Soyinka was the first African to be awarded the Nobel prize for literature, in 1986 at a time when Nelson Mandela was still imprisoned in South Africa. His acceptance speech was given shortly after the assassination of Swedish Prime Minister Olaf Palme and the death of Mozambique’s leader Samora Machel in a plane crash on South African soil.

His speech, on the themes of racism, blackness and apartheid, is invaluable and worth reading today.

By the time he received the international accolade, Soyinka had already rattled the establishment, starting with the production of his first major drama, a satire called A Dance of the Forests, which was staged for the country’s independence celebrations.

From 1967 to 1969 Soyinka spent two years in prison for his opposition to the civil war – much of the time spent in solitary confinement. The notes and poems he wrote on toilet paper were smuggled out of jail, providing the source of his memoir The Man Died, published in 1972.

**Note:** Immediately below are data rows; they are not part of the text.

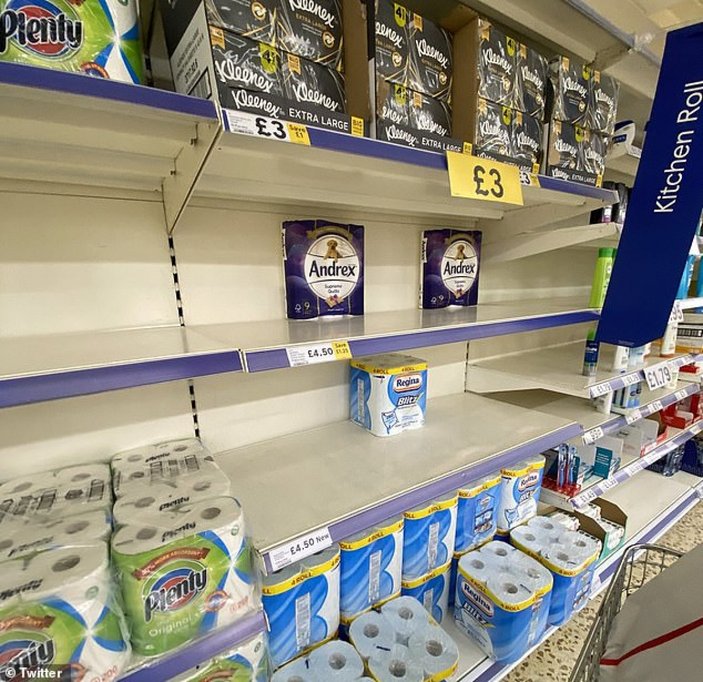 İngiltere'de koronavirüs nedeniyle market rafları boşaltıldı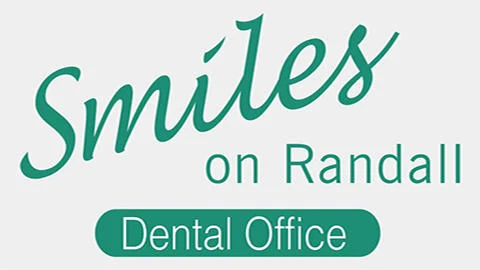 Smiles on Randall Picture 8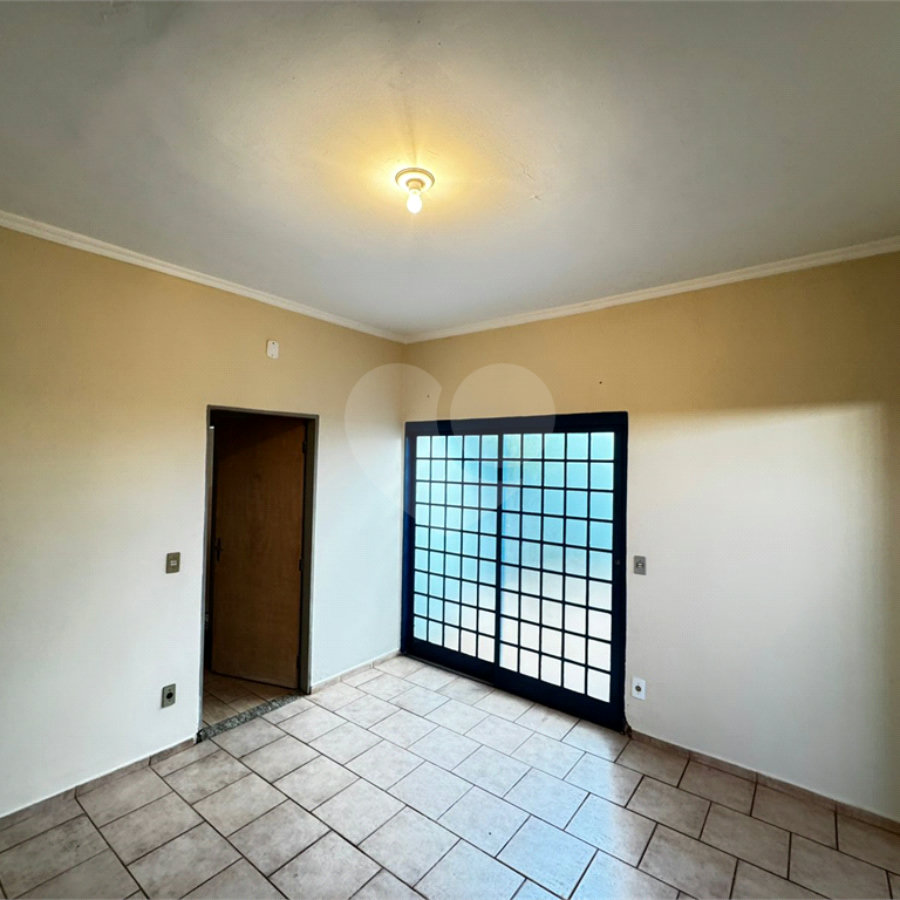 Casa à venda com 3 quartos, sendo 1 suíte, em Vila Monte Alegre, Ribeirão Preto, SP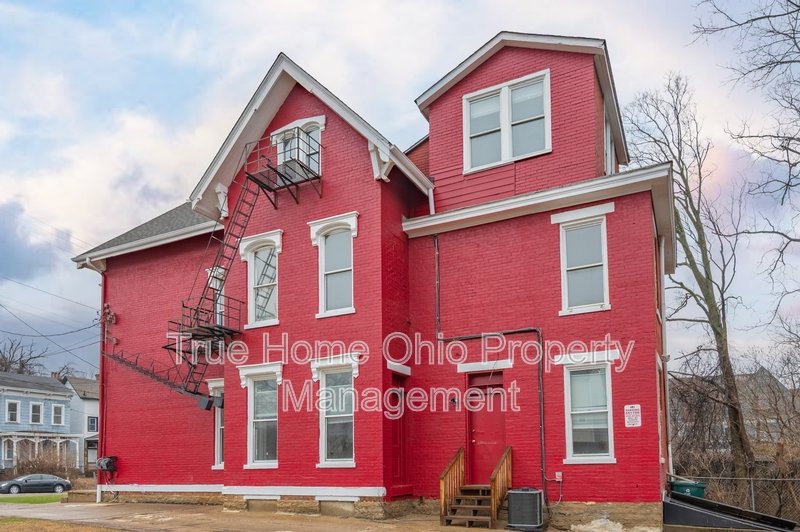 2612 Stanton Avenue - 3 property image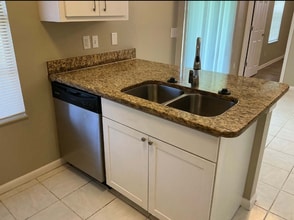 2614 NE 20th Ave in Cape Coral, FL - Foto de edificio - Building Photo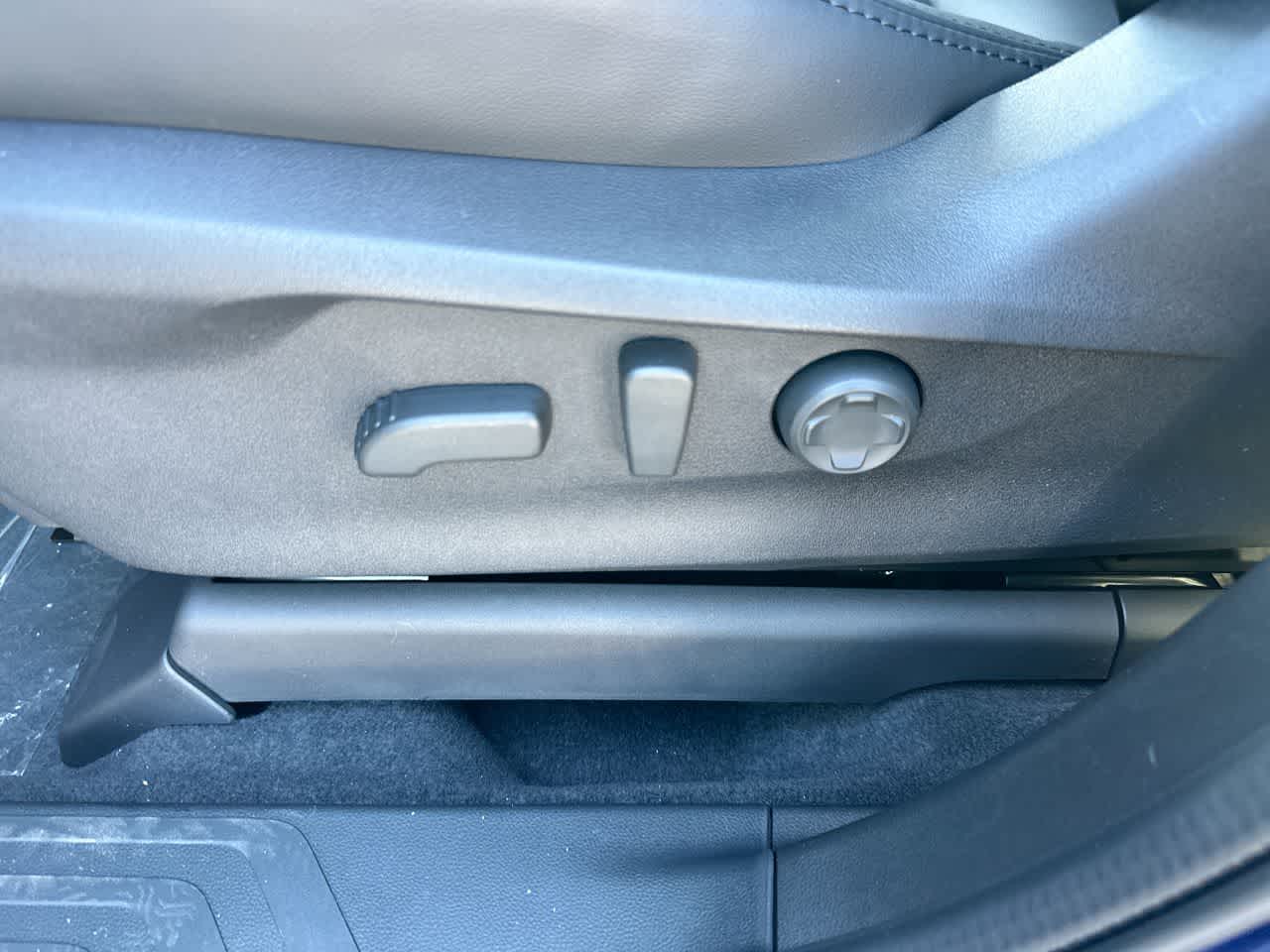 Thumbnail: 2026 Subaru Ascent - 22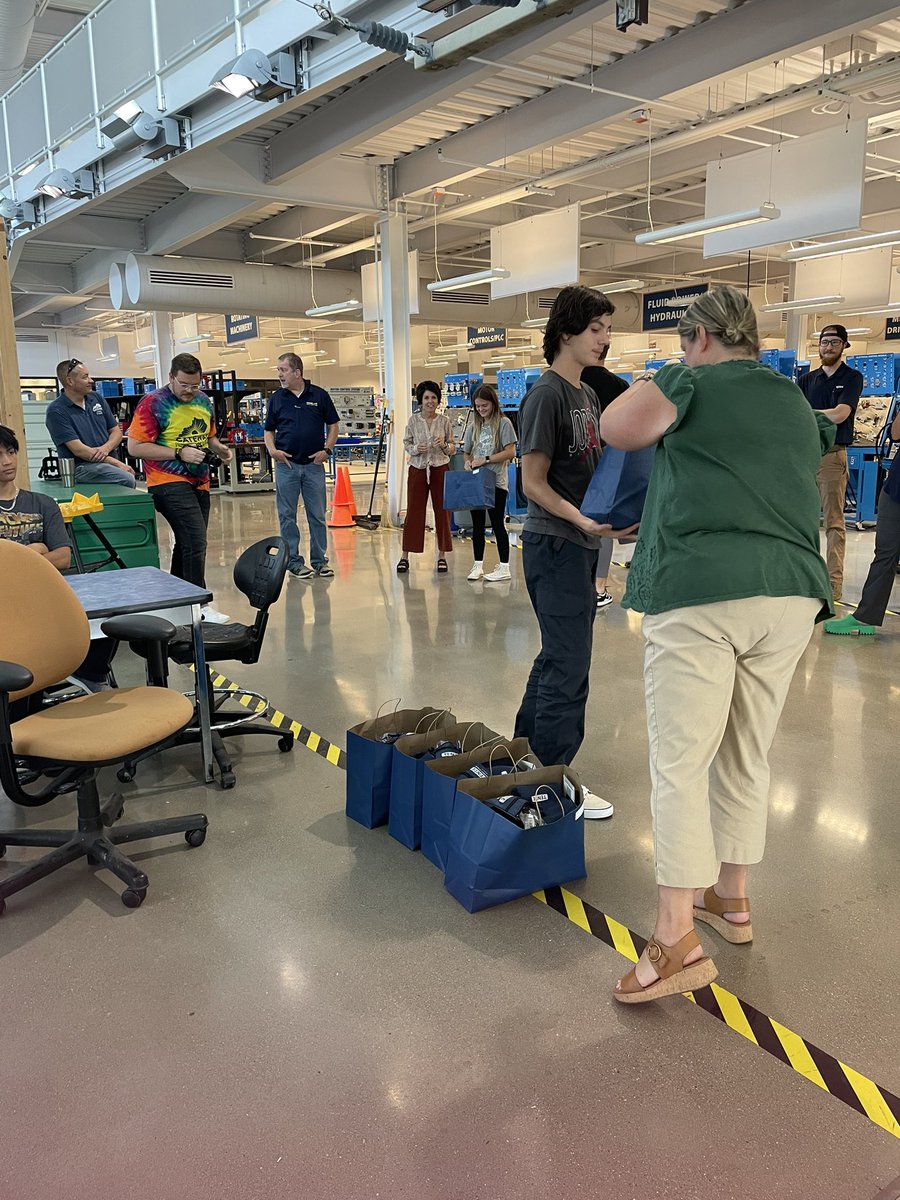 ChsEarly's tweet photo. Conner Heavy Equipment students receiving goody bags from Tente International. https://t.co/VNX5wYMCzU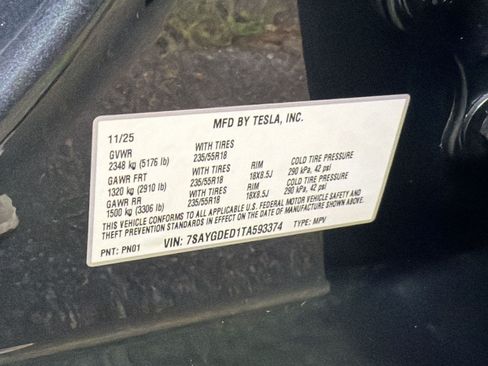 Used 2026 Tesla Model Y 2WD image 22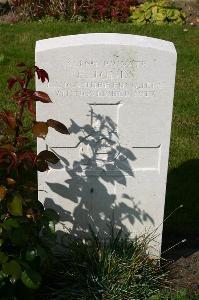 Dozinghem Military Cemetery - Jones, F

He then went into exile, finding himself sentenced to death in absentia by the regime of military ruler Sani Abacha, returning only after Abacha’s death in 1998 – his voice undiminished.

Notable works include:

·         A Dance of the Forests

·         Death and the King’s Horseman

·         Jero’s Metamorphosis

·         Myth, Literature, and the African World

·         The Interpreters

·         The Lion and the Jewel

·         A Shuttle in the Crypt

·         The Trials of Brother Jero

·         You Must Set Forth at Dawn

At 87, Soyinka is still hard at work. His novel, Chronicles from the Land of the Happiest People on Earth, is set to be launched in September 2021.